• [Goal of the exercise] Print out all of the data below, keeping it identical to the original.

-*-

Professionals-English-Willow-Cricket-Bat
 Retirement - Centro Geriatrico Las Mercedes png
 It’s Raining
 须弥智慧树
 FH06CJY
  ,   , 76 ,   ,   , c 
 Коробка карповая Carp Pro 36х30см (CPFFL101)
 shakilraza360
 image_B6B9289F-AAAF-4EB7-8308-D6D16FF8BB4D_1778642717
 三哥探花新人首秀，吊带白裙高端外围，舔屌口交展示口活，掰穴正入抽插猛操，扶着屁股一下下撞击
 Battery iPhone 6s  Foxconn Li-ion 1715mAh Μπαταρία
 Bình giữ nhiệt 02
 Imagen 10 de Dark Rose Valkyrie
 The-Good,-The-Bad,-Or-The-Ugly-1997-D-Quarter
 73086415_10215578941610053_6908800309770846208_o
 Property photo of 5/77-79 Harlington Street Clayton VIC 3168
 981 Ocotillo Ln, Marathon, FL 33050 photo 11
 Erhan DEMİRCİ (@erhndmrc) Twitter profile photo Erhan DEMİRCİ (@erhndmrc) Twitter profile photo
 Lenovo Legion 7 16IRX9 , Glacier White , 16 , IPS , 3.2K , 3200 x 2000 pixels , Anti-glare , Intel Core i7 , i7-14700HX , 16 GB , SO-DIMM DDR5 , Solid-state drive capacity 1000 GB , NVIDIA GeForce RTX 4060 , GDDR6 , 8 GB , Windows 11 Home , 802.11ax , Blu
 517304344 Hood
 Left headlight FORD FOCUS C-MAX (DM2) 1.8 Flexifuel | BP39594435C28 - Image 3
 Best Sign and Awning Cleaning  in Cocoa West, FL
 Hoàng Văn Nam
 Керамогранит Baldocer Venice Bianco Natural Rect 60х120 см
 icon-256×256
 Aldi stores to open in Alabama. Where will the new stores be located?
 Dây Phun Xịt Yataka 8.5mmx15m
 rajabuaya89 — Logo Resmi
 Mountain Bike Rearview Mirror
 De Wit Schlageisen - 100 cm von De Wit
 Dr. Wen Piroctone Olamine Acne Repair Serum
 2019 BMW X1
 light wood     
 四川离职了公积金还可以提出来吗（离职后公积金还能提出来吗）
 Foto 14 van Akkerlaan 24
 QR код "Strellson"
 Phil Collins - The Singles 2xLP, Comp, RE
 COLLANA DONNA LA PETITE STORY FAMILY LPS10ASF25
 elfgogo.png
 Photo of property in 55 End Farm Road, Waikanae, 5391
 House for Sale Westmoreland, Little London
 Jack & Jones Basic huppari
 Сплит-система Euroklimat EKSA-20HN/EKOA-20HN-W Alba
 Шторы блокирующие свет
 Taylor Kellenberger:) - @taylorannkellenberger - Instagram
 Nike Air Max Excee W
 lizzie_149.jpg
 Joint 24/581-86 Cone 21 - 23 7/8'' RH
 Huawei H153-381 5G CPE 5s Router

-*-

• [Result of the task]
Professionals-English-Willow-Cricket-Bat
 Retirement - Centro Geriatrico Las Mercedes png
 It’s Raining
 须弥智慧树
 FH06CJY
  ,   , 76 ,   ,   , c 
 Коробка карповая Carp Pro 36х30см (CPFFL101)
 shakilraza360
 image_B6B9289F-AAAF-4EB7-8308-D6D16FF8BB4D_1778642717
 三哥探花新人首秀，吊带白裙高端外围，舔屌口交展示口活，掰穴正入抽插猛操，扶着屁股一下下撞击
 Battery iPhone 6s  Foxconn Li-ion 1715mAh Μπαταρία
 Bình giữ nhiệt 02
 Imagen 10 de Dark Rose Valkyrie
 The-Good,-The-Bad,-Or-The-Ugly-1997-D-Quarter
 73086415_10215578941610053_6908800309770846208_o
 Property photo of 5/77-79 Harlington Street Clayton VIC 3168
 981 Ocotillo Ln, Marathon, FL 33050 photo 11
 Erhan DEMİRCİ (@erhndmrc) Twitter profile photo Erhan DEMİRCİ (@erhndmrc) Twitter profile photo
 Lenovo Legion 7 16IRX9 , Glacier White , 16 , IPS , 3.2K , 3200 x 2000 pixels , Anti-glare , Intel Core i7 , i7-14700HX , 16 GB , SO-DIMM DDR5 , Solid-state drive capacity 1000 GB , NVIDIA GeForce RTX 4060 , GDDR6 , 8 GB , Windows 11 Home , 802.11ax , Blu
 517304344 Hood
 Left headlight FORD FOCUS C-MAX (DM2) 1.8 Flexifuel | BP39594435C28 - Image 3
 Best Sign and Awning Cleaning  in Cocoa West, FL
 Hoàng Văn Nam
 Керамогранит Baldocer Venice Bianco Natural Rect 60х120 см
 icon-256×256
 Aldi stores to open in Alabama. Where will the new stores be located?
 Dây Phun Xịt Yataka 8.5mmx15m
 rajabuaya89 — Logo Resmi
 Mountain Bike Rearview Mirror
 De Wit Schlageisen - 100 cm von De Wit
 Dr. Wen Piroctone Olamine Acne Repair Serum
 2019 BMW X1
 light wood     
 四川离职了公积金还可以提出来吗（离职后公积金还能提出来吗）
 Foto 14 van Akkerlaan 24
 QR код "Strellson"
 Phil Collins - The Singles 2xLP, Comp, RE
 COLLANA DONNA LA PETITE STORY FAMILY LPS10ASF25
 elfgogo.png
 Photo of property in 55 End Farm Road, Waikanae, 5391
 House for Sale Westmoreland, Little London
 Jack & Jones Basic huppari
 Сплит-система Euroklimat EKSA-20HN/EKOA-20HN-W Alba
 Шторы блокирующие свет
 Taylor Kellenberger:) - @taylorannkellenberger - Instagram
 Nike Air Max Excee W
 lizzie_149.jpg
 Joint 24/581-86 Cone 21 - 23 7/8'' RH
 Huawei H153-381 5G CPE 5s Router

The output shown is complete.